İcra ve İflas Kanununun 67.maddesinin 2.fıkrası gereğince, icra tazminatına hükmedilebilmesi için, borçlunun takip sırasında ödeme emrine itiraz etmesi ve alacaklının alacağını mahkemede dava ederek haklı çıkması yasal koşullardandır. Borçlunun itirazının kötüniyetli olması ise yasal koşul değildir. İcra inkar tazminatı, aleyhindeki icra takibine itiraz eden ve işin çabuk bitirilmesine engel olan borçluya karşı konulmuş bir yaptırımdır. Alacağın likit ve belli olması da gerekir. Alacağın gerçek miktarı belli, sabit veya borçlu tarafından belirlenebilmesi için bütün unsurlar bilinmekte ya da bilinmesi gerekmekte, böylece borçlu tarafından borcun tutarının tahkik ve tayini mümkün ise; başka bir ifadeyle borçlu yalnız başına ne kadar borçlu olduğunu tespit edebilir durumda ise, alacağın likit ve muayyen olduğunun kabulü zorunludur. Takip talebi ve bilirkişi raporu birlikte değerlendirildiğinde alacak likit olduğu anlaşılmakla asıl alacağın %20 si oranında icra inkar tazminatının davalının tahsiline ilişkin talebin kabulüne karar verilmiştir.

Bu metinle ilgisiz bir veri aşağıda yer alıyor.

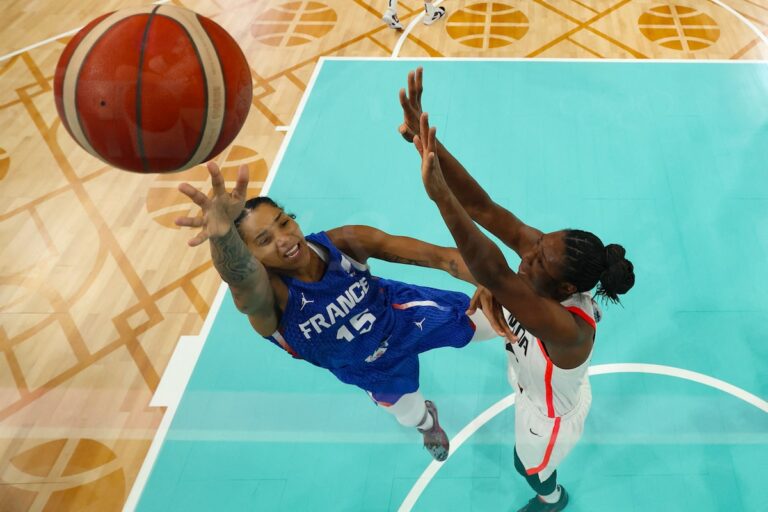 Jeux olympiques de Paris : la France, pays hôte, écrase le Canada, sujet aux pertes de balle, 75-54 en basket-ball féminin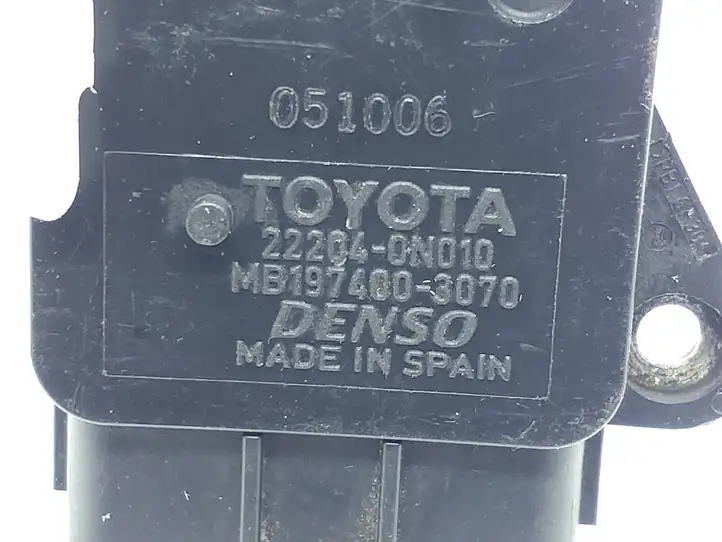 Toyota Corolla Verso E121 (2004 - 2007) 222040N010 Датчик массового расхода воздуха — фото 3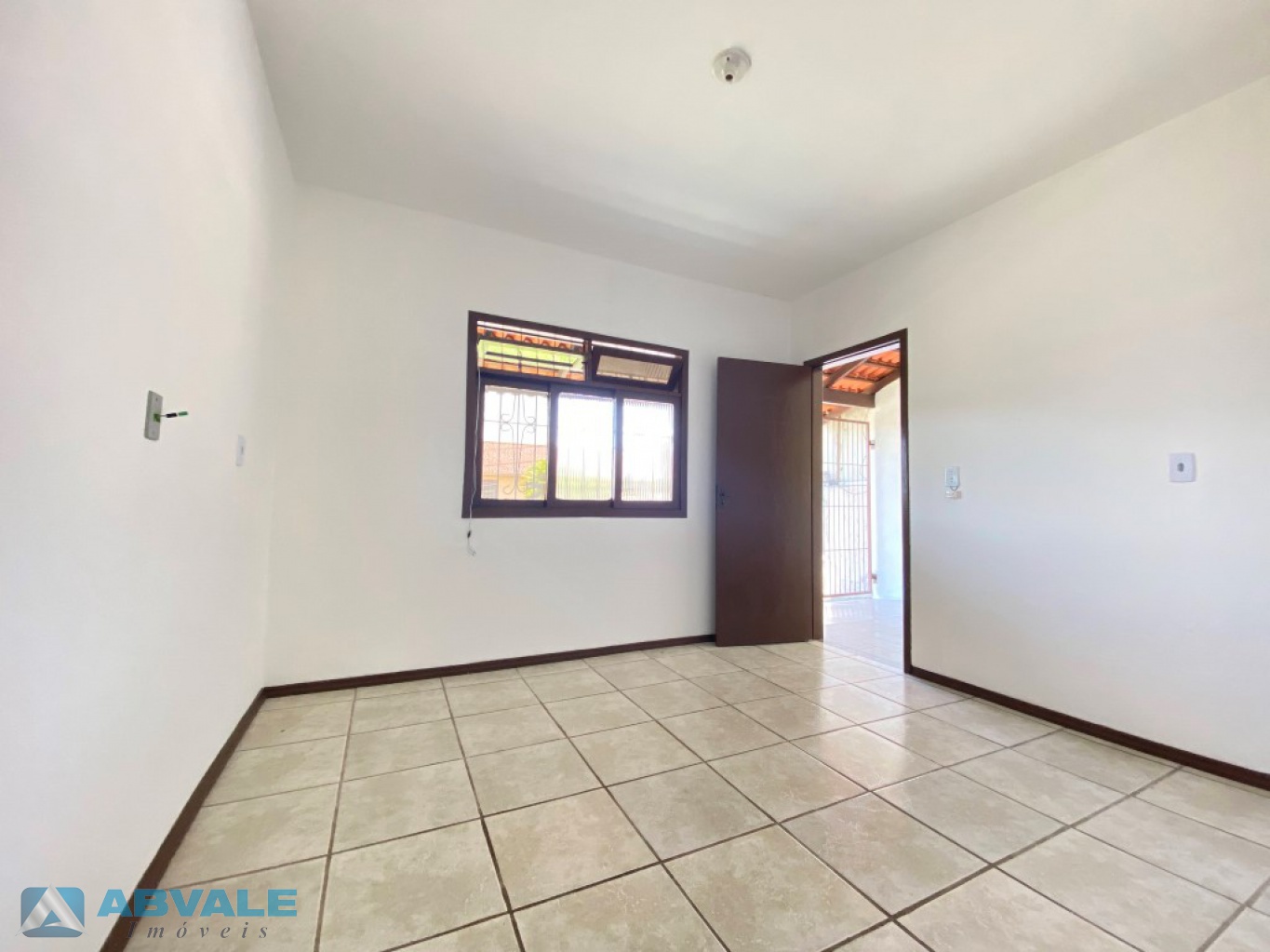 Casa de Alvenaria, sozinha no terreno, com quintal nos fundos, varanda na frente, cercada, murada e com garagem — foto 6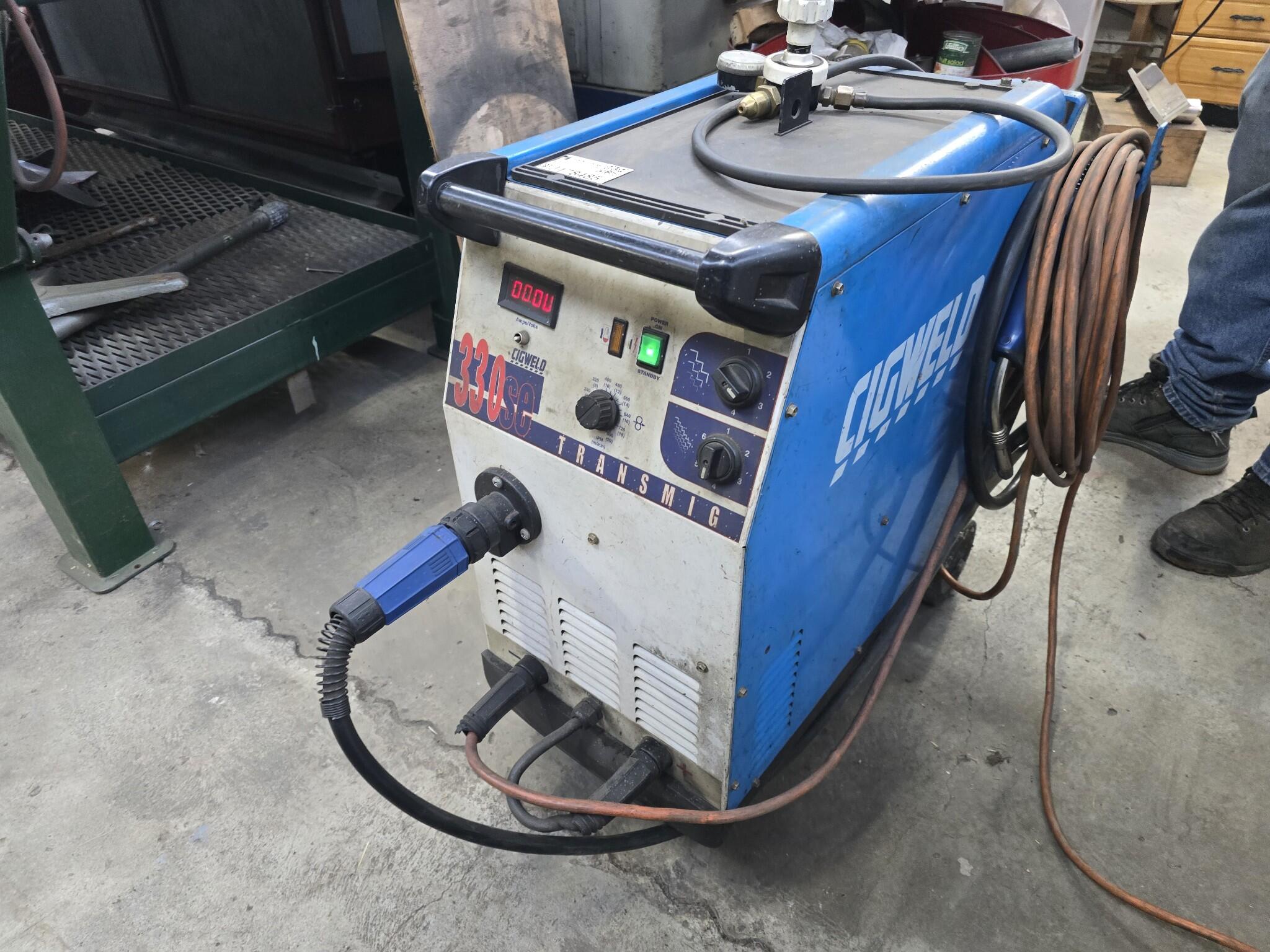 Cigweld Transmig 330se MIG Welder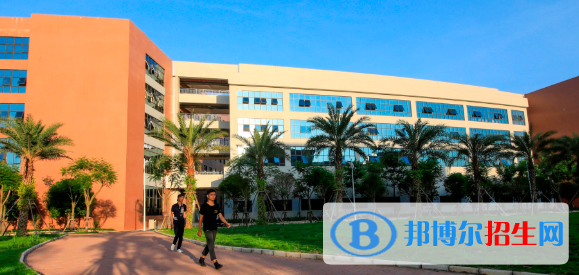 柳州職業(yè)技術(shù)學(xué)院2020年報名條件、招生要求、招生對象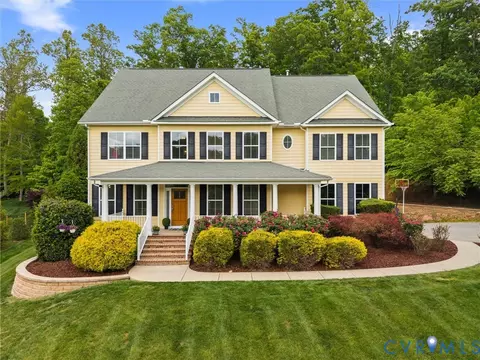 2736 Royal Crest Dr, Midlothian, VA 23113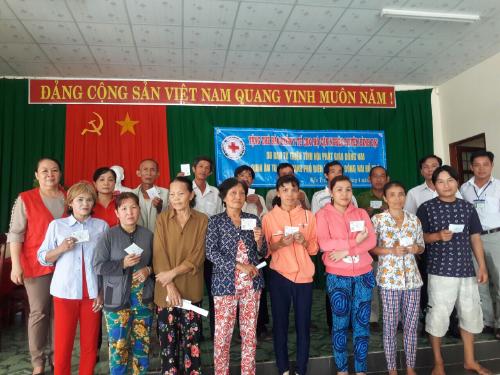 Hội Chữ thập đỏ tỉnh Bến Tre tặng thẻ BHYT cho hộ cận nghèo huyện Bình Đại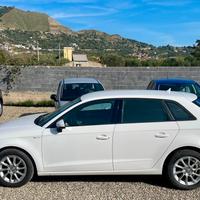 Audi A3 1.6 TDI clean diesel Attraction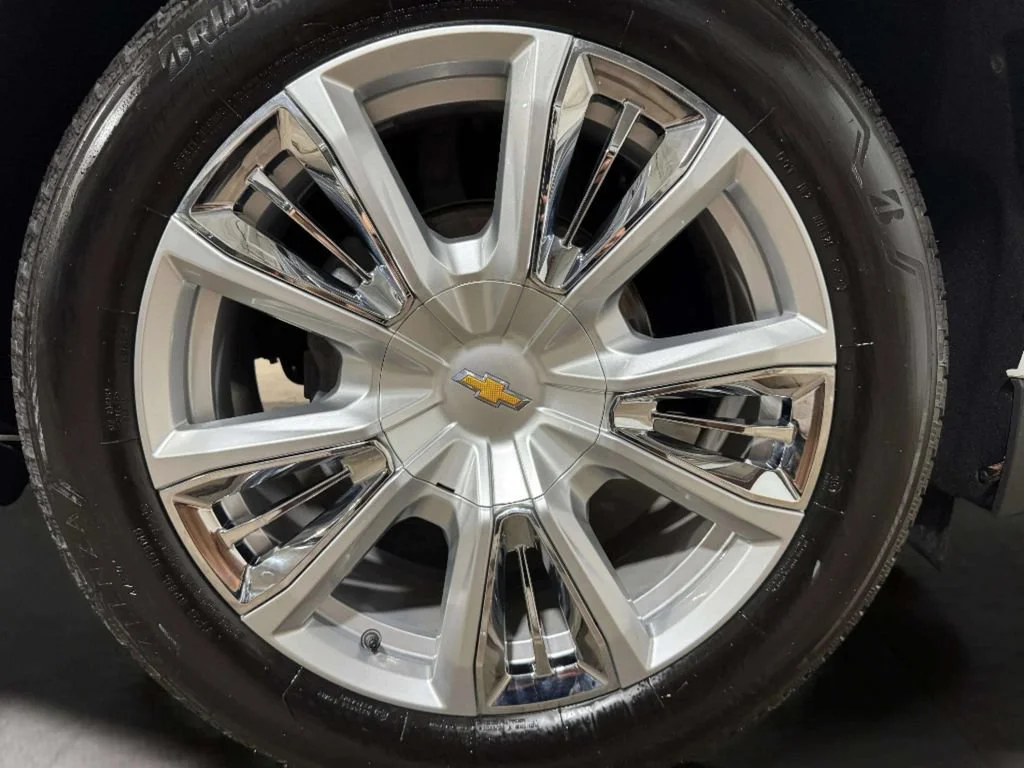 Used 2024 Summit White Chevrolet High Country image 32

HÜKÜM : Gerekçesi yukarıda açıklandığı üzere;
Davanın KABULÜNE,
1-Davalının —– sayılı takip dosyasına yapmış olduğu itirazının iptaline, takibin aynen devamına,
2-Alacak likit olmakla hüküm altına alınan asıl alacağın %20 si oranında icra inkar tazminatının davalıdan alınarak davacıya verilmesine,
3-Karar harcı 80,70-TL ‘den davacı tarafça peşin olarak yatırılan 59,30-TL harcın mahsubu ile bakiye 21,40-TL harcın davalı taraftan tahsili ile hazine adına irad kaydına,
4-Davacı tarafından yatırılan 59,30 TL başvurma harcı, 59,30 TL peşin nispi harc olmak üzere toplam 118,60 TL harcın davalıdan alınarak davacıya verilmesine
5-Davacı tarafından yapılan 150,25-TL tebligat ve müzekkere gideri, 900,00-TL bilirkişi ücreti olmak üzere toplam 1.050,25-TL yargılama giderinin davalı taraftan tahsili ile davacı tarafa ödenmesine,
6-Davalı tarafından yapılan yargılama gideri bulunmadığından bu hususta karar verilmesine yer olmadığına,
7-Davacı taraf kendisini vekille temsil ettirdiğinden karar tarihinde geçerli —- esaslara göre belirlenen 765,18-TL nispi vekalet ücretinin davalıdan alınarak davacıya verilmesine,
8-Davacı tarafından dosyaya yatırılan ve sarf edilmeyen gider avansının karar kesinleştiğinde davacı tarafa iadesine,
9-Arabuluculuk Kanunu’nun 18/A-(13) maddesi ve Hukuk Uyuşmazlıklarında Arabuluculuk Yönetmeliğinin 26/2 maddeleri ile Arabuluculuk Asgari Ücret Tarifesi uyarınca —-ücretinin davalıdan tahsili ile Hazineye Gelir Kaydına,
Dair; davacı vekilinin yüzüne karşı davalı tarafın yokluğunda kesin olmak üzere verilen karar açıkça okunup usulen anlatıldı.